Todd Cutler beat him to it. 'Watson's at a disadvantage up there. Any doctor would be,' he said. 'No X ray, no OR. The point is, none of us know why Hirai died. That's why we need the autopsy. We have to know what went wrong. And whether microgravity was a contributing factor.'
'There's no question about an autopsy,' said Blankenship.
'Every one's agreed on that point.'
'No, the reason I mention it is because of the ... ' Cutler dropped his voice, 'preservation problem.' There was a pause. Obie saw gazes drop in uneasy contemplation of what that meant.
'The lack of refrigeration on the station is what he's talking about,' said Obie. 'Not for something as large as a human body. Not in a pressurized environment.'
ISS flight director Woody Ellis said, 'Shuttle rendezvous is in seventeen hours. How badly can the body deteriorate in that time?'
'There's no refrigeration aboard the shuttle either,' pointed out Cutler. 'Death occurred seven hours ago. Add to that the time for rendezvous, the transfer of the corpse, as well as other cargo, the undocking. We're talking at least three days with the body at room temperature. And that's if everything goes like clockwork. Which, as we all know, is not a given.'
Three days. Obie thought of what could happen to a dead body in two days. Of how badly raw chicken parts stank if he left them in his garbage can for just one night ... 'You're saying Discovery can't delay her return home, even for an extra day?' said Ellis.

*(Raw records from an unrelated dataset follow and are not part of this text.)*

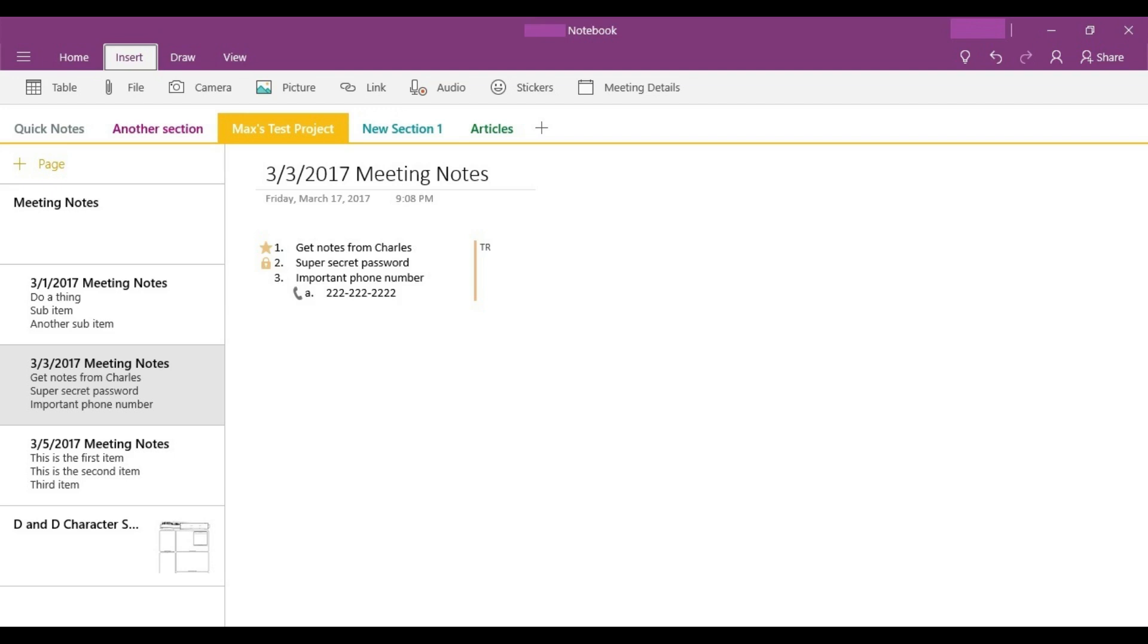Step 3. Place the cursor at the location on the page where you want to insert a PDF into the Microsoft OneNote application.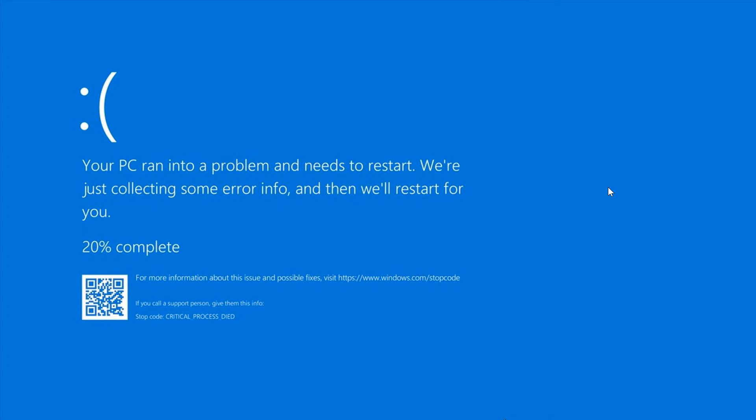According to their research, when the CrowdStrike outage happened a couple of weeks ago, this pushed the number of blue screens of death as high as one in ten per day. So that went from one in every 200 to one in ten per day with the CrowdStrike outage.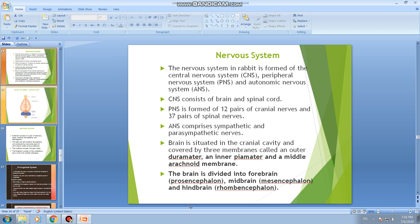We shall now discuss in detail about the brain of the rabbit. The brain is situated in a cavity called the cranial cavity, also called the skull, and it is covered by three membranes. The outermost membrane, which is close to the cranium or skull, is called the dura mater.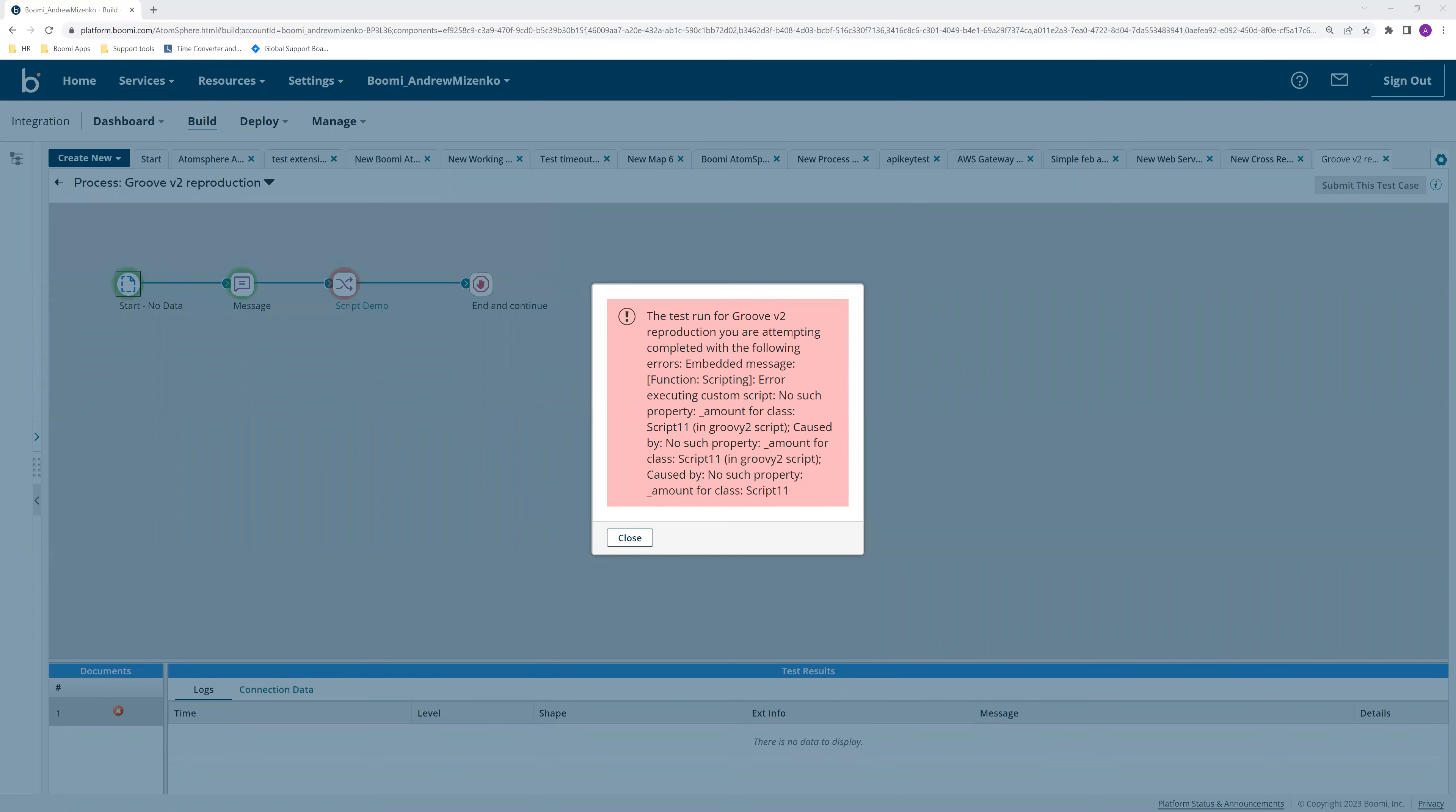Hello everyone and welcome to a Boomi demonstration. In this one, I'm going to show you why you may encounter a no such property error when executing a process that contains a script.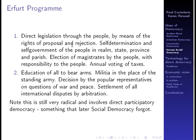Direct legislation through the people by means of proposal and rejection is what the yellow vests are demanding in France now. Annual voting of taxes by the people has never been introduced. The yellow vests are also bringing back the old Paris Commune demand that representatives should receive no more than average workers' wages. So old 19th century ideas of direct democracy are being revived in the class struggles of the early 21st century.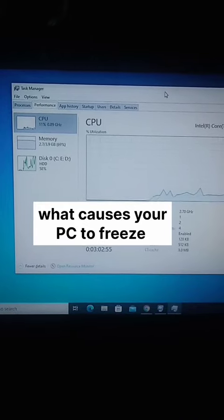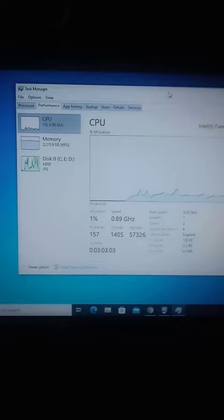Here is an awesome computer trick you had no idea existed. Here you can see which app causes your computer to freeze.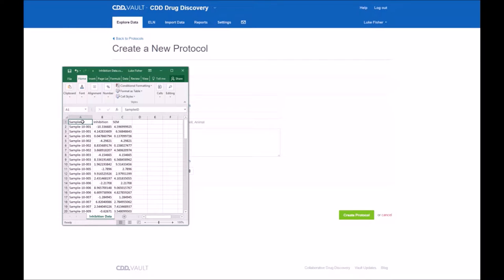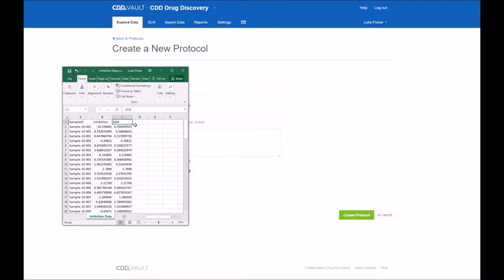Before you create the new protocol, I always like to look at the input file to make sure I have information ready. So in this case, very simple. We just have inhibition and SEM, and we have replicate data across the different samples. That's important that we'll talk about soon.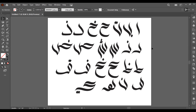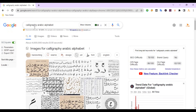This is how we can write Arabic alphabets in Illustrator by just using the curves we have practiced. I hope you can practice.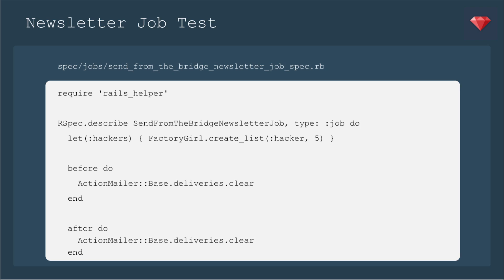It's going to send newsletters to our hackers. That's the model we have in this app that has an email address. If you're using this in your app, just remember it's whoever has the email address that you're sending to.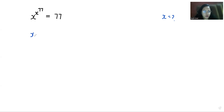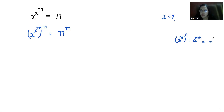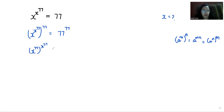So first I am going to take power 77 both sides. Now according to the exponent rule, a power m power n, we can write it as a power mn or a power n power m. So x power 77 power x power 77 is equals to 77 power 77. Now comparing both sides, the value of x power 77 is equals to 77.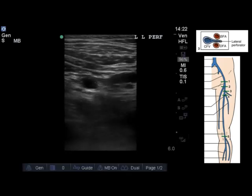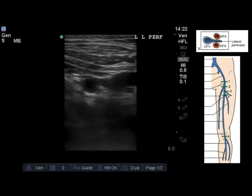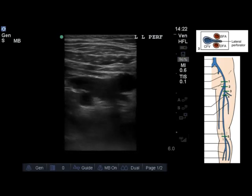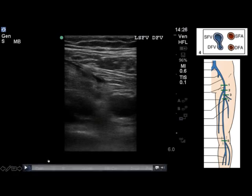It looks like a little teardrop tail moving laterally between those two arteries. This is key point number three of vascular bifurcation that needs to be examined as part of a complete point-of-care ultrasound DVT exam.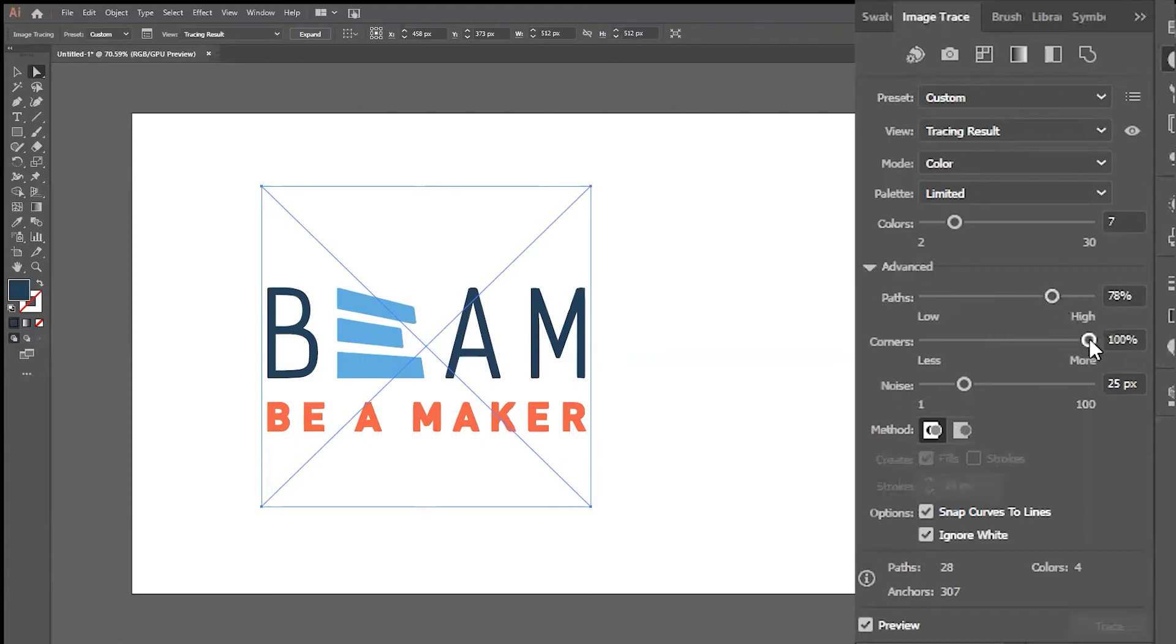The Corner Slider controls the emphasis on the sharp bends of your design. Increasing the Corner Slider will make the curves of your design more sharp, where decreasing it will make the curves of your design more round.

'We were hoping there'd be time for tasks. There are numerous experiments on ISS ready to come home. Scientists on the ground are waiting for them.'
'An autopsy won't be of much help if the body's deteriorated,' said Cutler.
'Isn't there some way to preserve it? Embalm it?'
'Not without affecting its chemistry. We need an unembalmed body. And we need it home soon.' Ellis sighed. 'There has to be a compromise. A way to get something else accomplished while they're docked.' Gretchen said, 'From a PR point of view, it looks bad, going about your usual business while a corpse is stored in the middeck. Besides, isn't there some, well, health hazard? And then there's ... the odor.'
'The body is sealed in a plastic shroud,' said Cutler. 'They can curtain it off out of view in a sleep station.'
The subject had turned so grim that most faces in the room were looking pale. They could talk about the political fallout and the media crisis. They could talk about hostile senators and anomalies. But dead bodies and bad smells and deteriorating flesh were not things they wanted to concentrate on.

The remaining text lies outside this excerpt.